UN Optimistic on Iraq But Admits Real Limits

UN's Butler ends four-day visit today, citing progress on inspection. Details are elusive.

March 26, 1998

Judging by the pervasive politeness on display from the United Nations chief weapons inspector in Baghdad, the crisis that drove the United States to the brink of military strikes against Iraq last month now seems all but forgotten.

Richard Butler, head of the UN Special Commission (UNSCOM), which has a Security Council mandate to rid Iraq of all weapons of mass destruction, now describes a "new spirit of cooperation" from Iraq that may allow inspectors to "finish quickly," so that sanctions against Iraq can be lifted.
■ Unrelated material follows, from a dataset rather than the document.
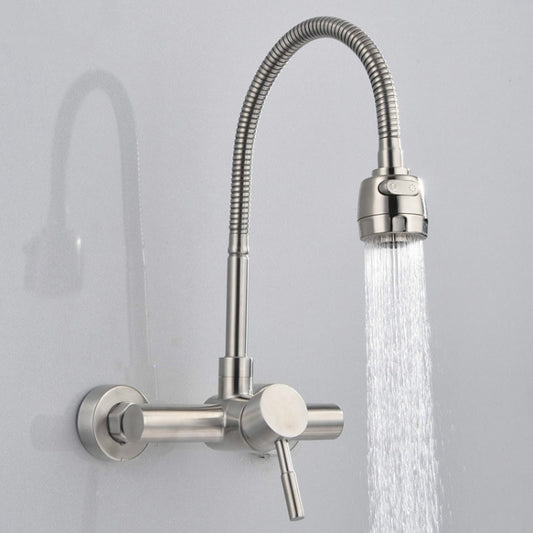 Stainless Steel Material Wall Mounted Kitchen Sink Mixer Faucet Free Rotation Hose Water Tap, Rotation Hose Water Tap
A significant reason behind the "kinder, gentler" face of the UN weapons inspection regime here is that the political dynamic has changed dramatically in the past month, from one of confrontation to - at least on the surface - cooperation.

But diplomats and analysts warn that the potential for renewed crisis remains real, and that details may be impossible to verify.

As UNSCOM tries to establish the extent of Iraq's weapons of mass destruction programs, they say, some final facts may remain technically unconfirmable.

On the diplomatic front, there has been progress. Two new senior UN officials have been appointed to Baghdad - including a personal representative of Secretary-General Kofi Annan - to ensure direct lines of communication with New York designed to prevent any future problem from turning into a full-blown crisis.

"We're looking firmly ahead," Mr. Butler said during his four-day trip to Baghdad, which ends today. "We think there's a real chance here to get this job done. Iraq must present to us the last remaining pieces that we need for verification.

"The point is: They've made a claim that they have no more of these weapons," he says. "We can't just accept that on the basis of a say-so. We're not unduly suspicious, but we are scientific."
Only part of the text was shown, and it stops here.